Monthly Archives: October 2011

Indexes for ebooks

Some people wonder why, with full-text search available, an ebook might still need an index. If you happen to be one of them, go read “Missing Entry: Whither the eBook Index?” ;). This article is a great summary of the value of indexes (even or especially for books in electronic form) and gives examples (with nice illustrations!) of what enhanced indexes might look like. Indexes with enhanced functionality can be much more interactive and appealing to the user than pure lists of words with a page indication.

Just like subject cataloging, indexes offer a value that cannot be replaced by full-text search. They chart a structured map of the content, show paths into the information, expose relationships and go beyond pure search (which just pulls up instances of terms) in that content is analyzed and arranged meaningfully.

Experienced indexer Jan Wright points out in a fascinating podcast on ebook indexing that an index is a discovery feature just like other metadata. She says: “The more tools for getting into information readers are given, the happier they will be.”

The potential of what ebooks can be (beyond static representations of regular print books) has not been tapped yet – indexes are only one example. We’ll just have to wait for EPUB to recognize its importance and address it explicitly in its specification, and for publishers to incorporate smarter indexes into their products.

A meta catalog for digitized works

Imagine a user wants to read a public-domain book in electronic form. She’d be faced with the same situation as users before the advent of unified resource discovery systems – she has to go to various places on the web and do separate searches. Wouldn’t it be nice if there was a meta catalog for digitized works that brings together data from the likes of the Internet Archive, HathiTrust, Project Gutenberg, Europeana or Google Books? It could show what books were digitized by whom, whether they are downloadable, in what format, on what devices they can be read etc. Such a directory could also enable users to compare the quality if the same work is available in different versions. Another benefit would be the reduction of duplications of effort. Having duplicate electronic versions is not necessarily bad, but are time and money not better spent on unique materials not digitized elsewhere? Local priorities could be determined on a more informed basis.

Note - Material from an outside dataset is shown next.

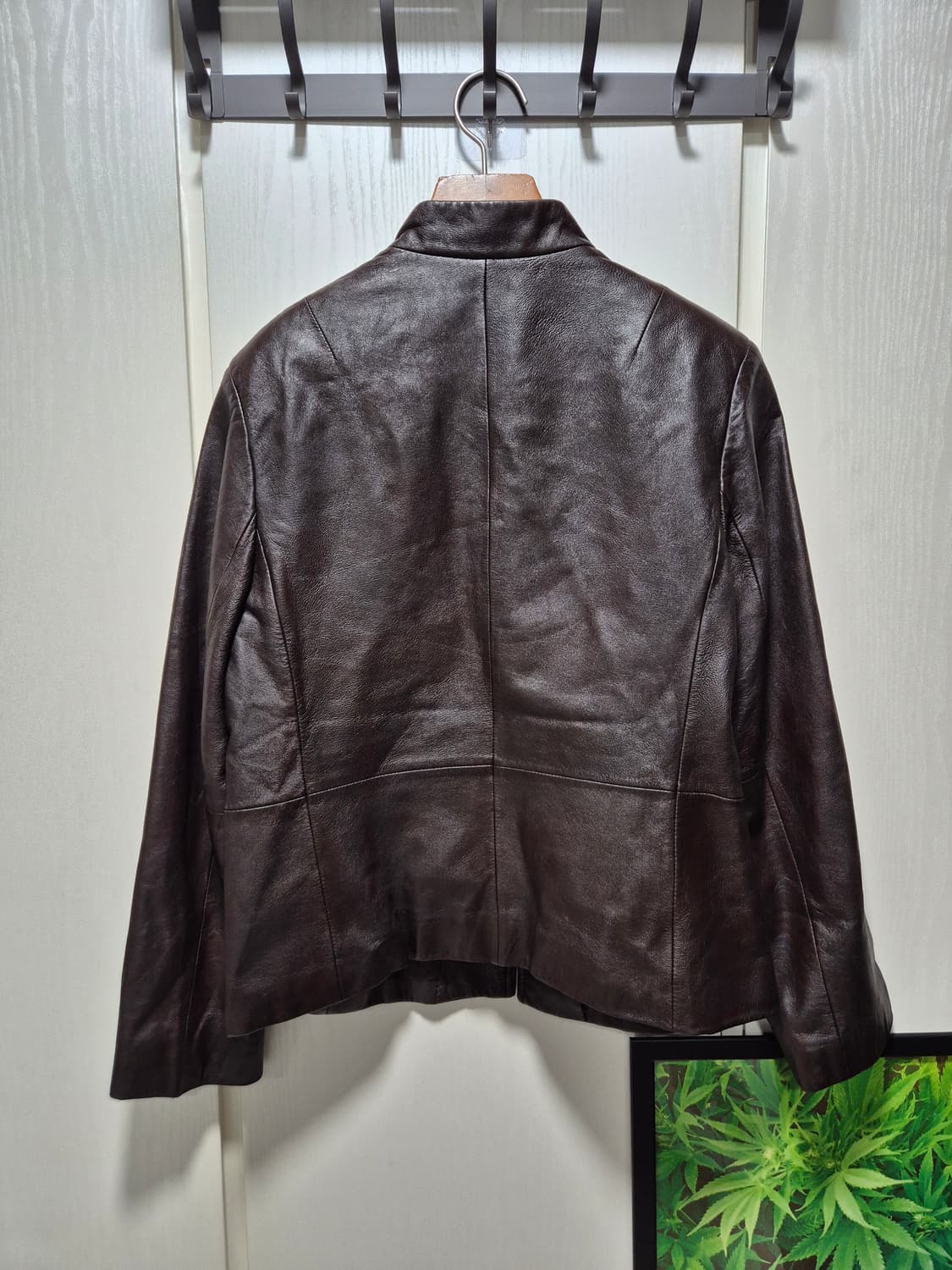 JPN 빈티지 초코브라운 양가죽 지퍼 자켓 상품이미지10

All of this occurred to me while reading an article about the eBooks-on-Demand (EOD) service discovery platform (from p. 229 here, in German). EOD is a joint initiative of over 30 libraries from 12 European countries that each run their own digitization activities. Together they offer the (paid) service that lets users order a public-domain book to be digitized and delivered as an ebook. Instead of relying on users discovering EOD books “by chance” in the respective libraries’ catalogs, a VuFind search interface was built that allows finding books for digitization from all participating libraries in one central place and gives direct access to alre­ady digitized items. Records are ingested via OAI or FTP batch upload. For the future the project team plans to enhance the search platform to include links (via API queries of players like those I mentioned above) to works already digitized elsewhere. And this is where the idea of a central overarching catalog for digitized public-domain works popped up. Existing portals such as the Zentrales Verzeichnis digitalisierter Drucke (ZVDD, central catalog of digitized printed works, which covers digital versions created in Germany) go into the right direction, but we definitely have to think more globally and on a larger scale.